For the first time in my life I had to go to the city dump, to get rid of two broken down mattresses that neither donation centers nor the garbage collector would take.
The dump. Yikes.
Not only was there a line to get in, but I had to pay to get rid of my junk. And I had to drive for about two miles up a winding hill, in the middle of nowhere.
I finally reached the dump. It was remote, flat land all around it.
But as I got closer, the mound of ‘stuff’ got bigger and bigger, filling a hillside. Machines all around pushing the junk deeper into itself. Workers, mostly men, unloading truckloads of stuff to discard.
It was sad but somehow revelatory, in a few ways.
It made me think of all the junk in my life – not just my piles that need purging and organizing, but the emotional, spiritual — where do I dump it?

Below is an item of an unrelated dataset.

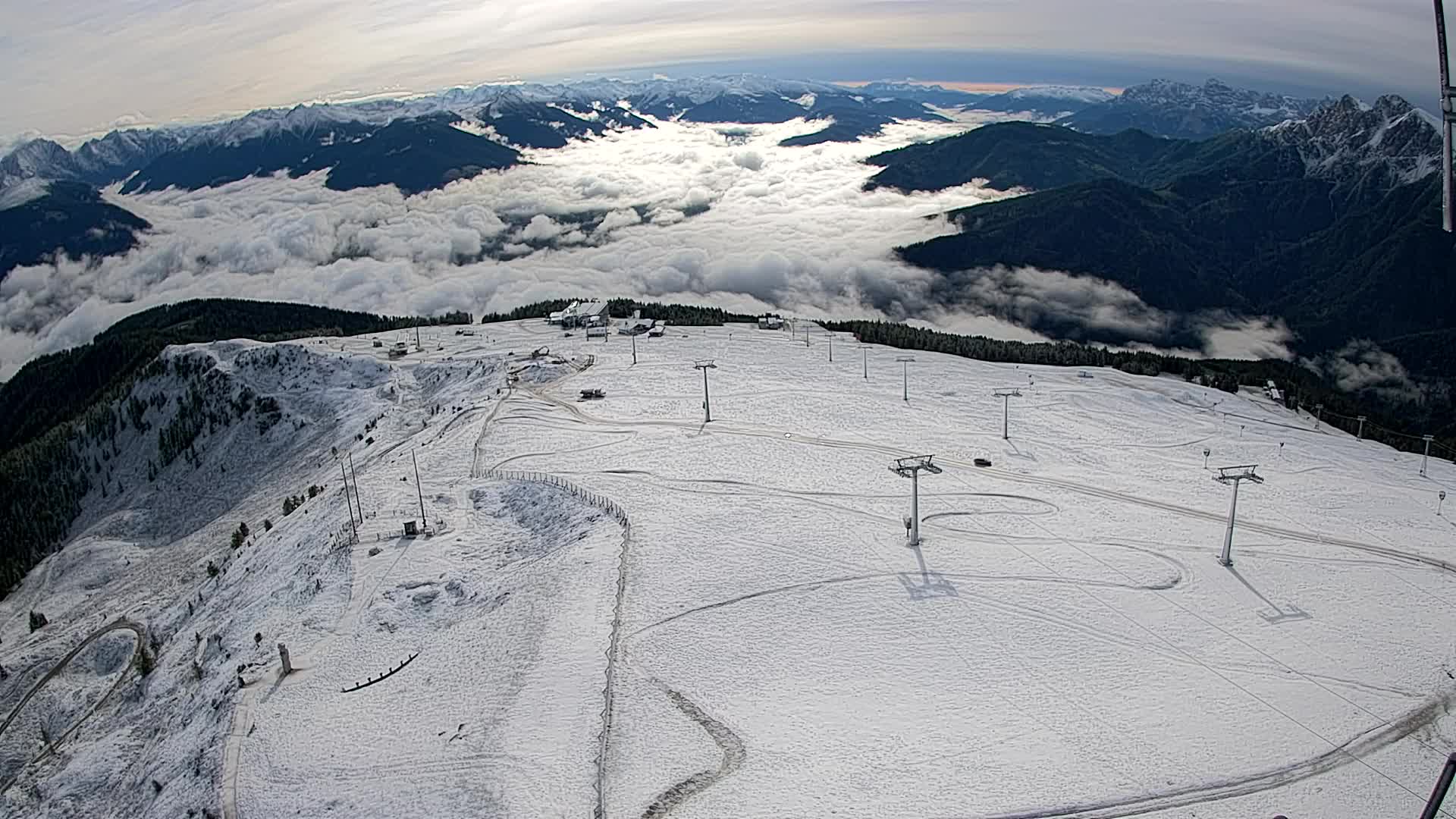 Kronplatz peak | view to Valdaora – Olang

Jesus said, “Come to me all ye who labor and are heavy laden, and I will give you rest.” (Matthew 11:28). He also paid the eternal ‘fee’ to let us dump our junk on him and leave it behind. He’d take care of it and ease our burden and our pain, so that the past wouldn’t have to bind us forever. And as I saw, it’s not fun work. It’s draining and it smells. Our burdensome junk, our sin, our weaknesses — they smell.
I felt, literally, so much lighter when I left. So grateful. But it was also sad, that some people choose to remain in the dump, so to speak, remain in the worst choices, remain in the worst scenarios and worst attitudes. Some even prefer it so that they have something to complain about.

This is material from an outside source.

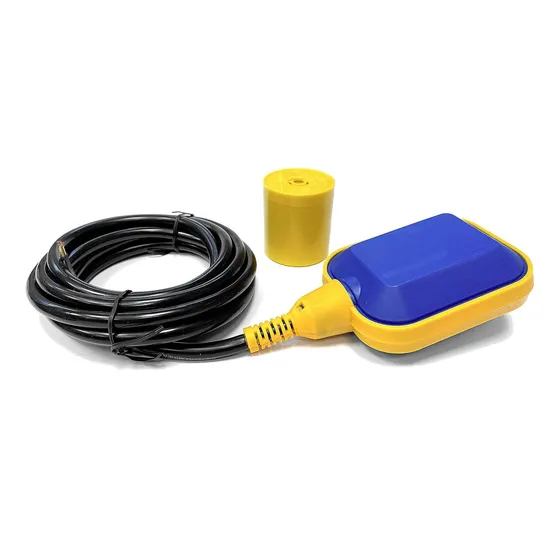 Interruptor De Nivel 5mts Marca Mac3 220v 15a Pvc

Yet as I drove away, passing the piles bigger than any I’d ever seen, I realized that redemption was there. Not only was there more active recycling than I’d ever seen (wood, greenery, paper, glass, metal) but it was heartening to know that many dumped items were being taken by others to use, or would be somehow recast and re-purposed, given new life. Just like we are, every single day, with God’s faithful forgiveness and healing, renewed by his hope and love.

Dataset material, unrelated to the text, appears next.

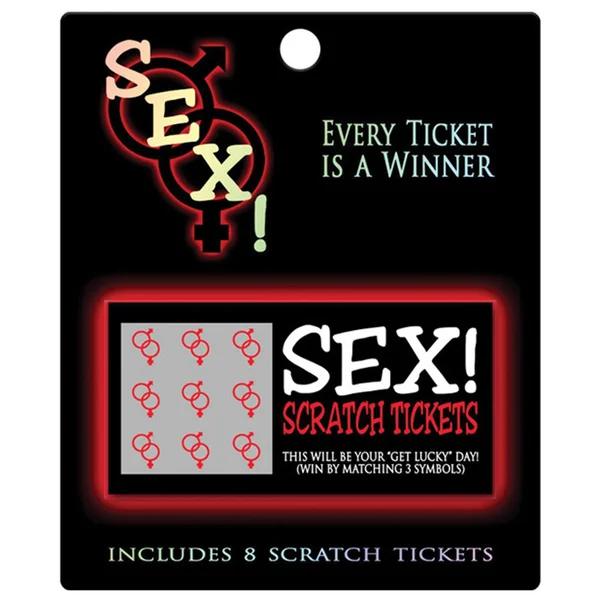 SEX! Scratch Tickets — image 14 of 14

Because of that strangely overwhelming feeling of grace I received there in the dump, I found myself interested in what I saw lying around everywhere. Everything in that dump had a story, somehow. Who had sat in that now-discarded chair? What’s its tale? Or that old sofa? Or that blue mattress – who slept on it? That pile of ruined woodshelves – what did they used to hold? Whose house were they in? So many stories were strewn across that dump site.
I couldn’t stop thinking even of my own history: here was my daughter’s old mattress, once pristine, where she slept and read her books, said her prayers and bounced on it with her neighborhood friends belting out “Everything is Awesome!” Now it was part of the pile, the past, the leave-behinds.
But it was okay. There was thankfully a new bed now, replaced under warranty: there would be new stories, new nighttime conversations to be had, new memories. We’d still remember the old one fondly, but it was time to move on. The purging was ultimately healthy, even if it had to involve a trip through the smelly, dirty and unexpected. Sometimes it’s only from such a place that we can truly appreciate the treasures of our life.